### Data segment
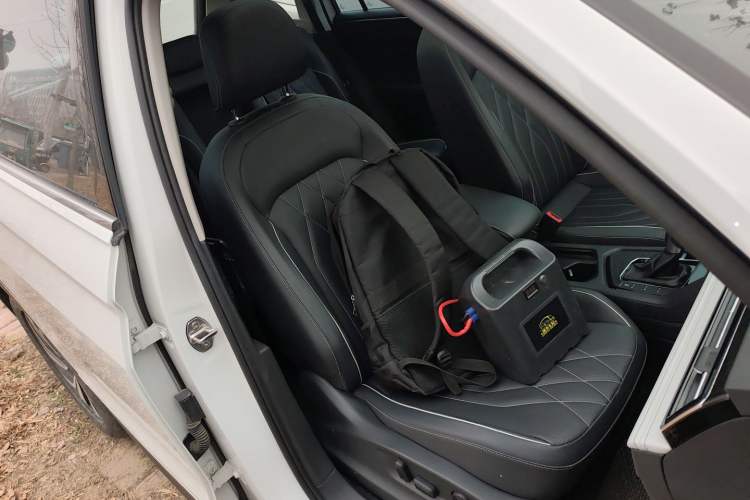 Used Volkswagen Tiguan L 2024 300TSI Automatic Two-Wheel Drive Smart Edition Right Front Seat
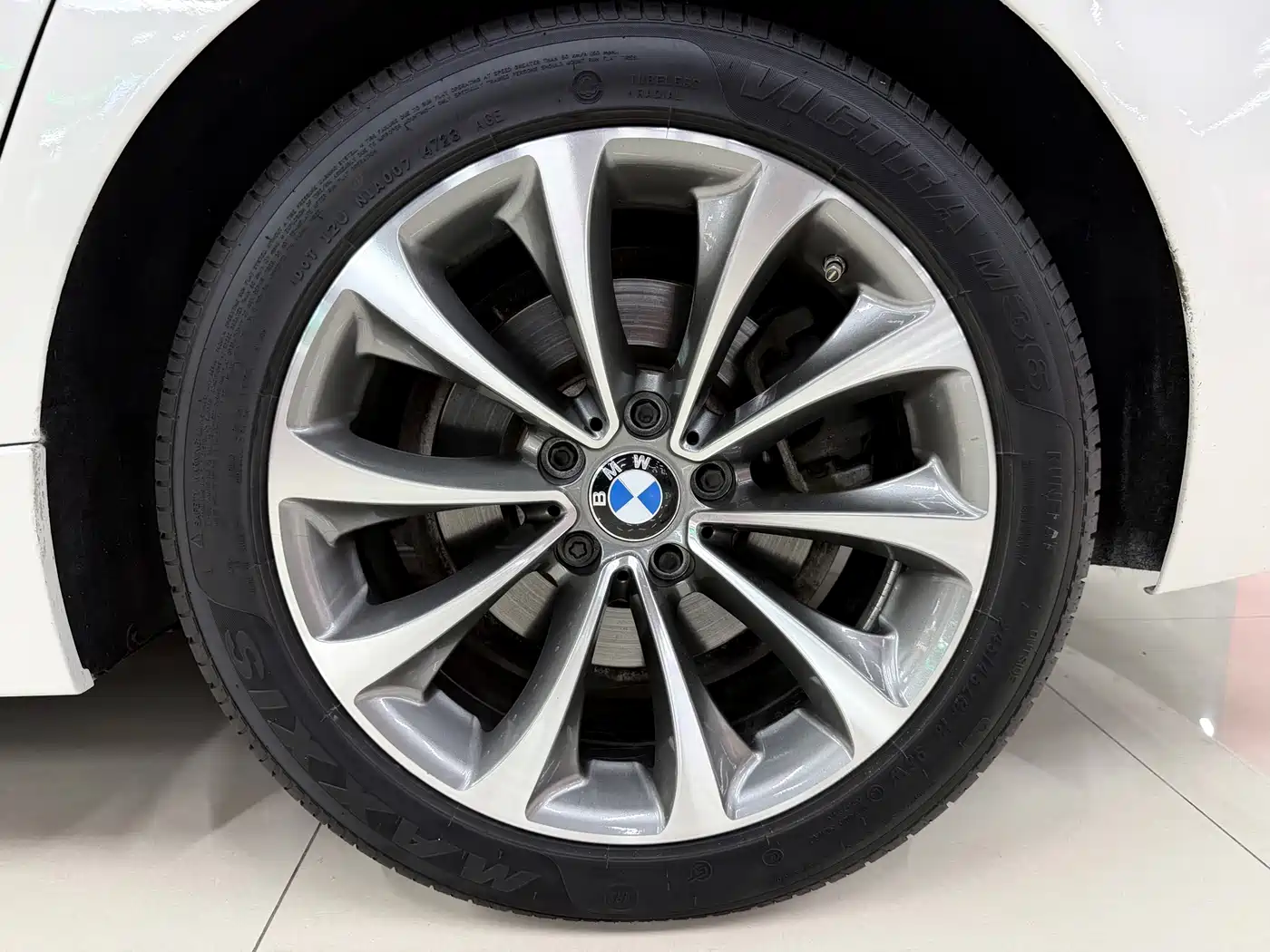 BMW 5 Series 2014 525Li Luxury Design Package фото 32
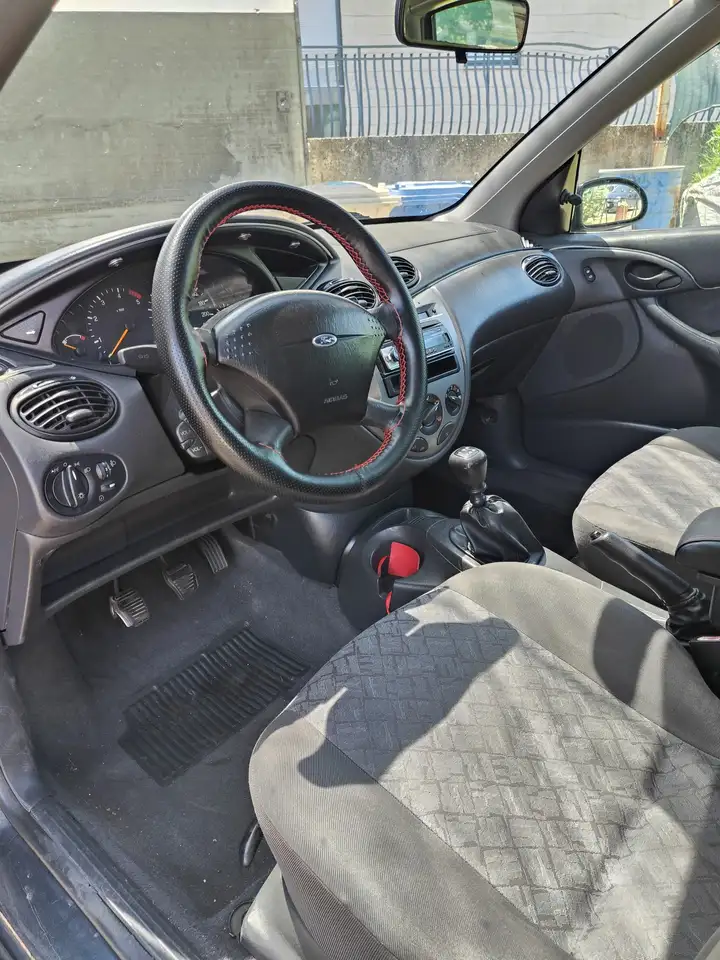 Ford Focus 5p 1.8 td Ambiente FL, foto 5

### Assignment
Start at the first line and set down all of the data exactly, passing over the pictures.

### Result
 Used Volkswagen Tiguan L 2024 300TSI Automatic Two-Wheel Drive Smart Edition Right Front Seat
 BMW 5 Series 2014 525Li Luxury Design Package фото 32
 Ford Focus 5p 1.8 td Ambiente FL, foto 5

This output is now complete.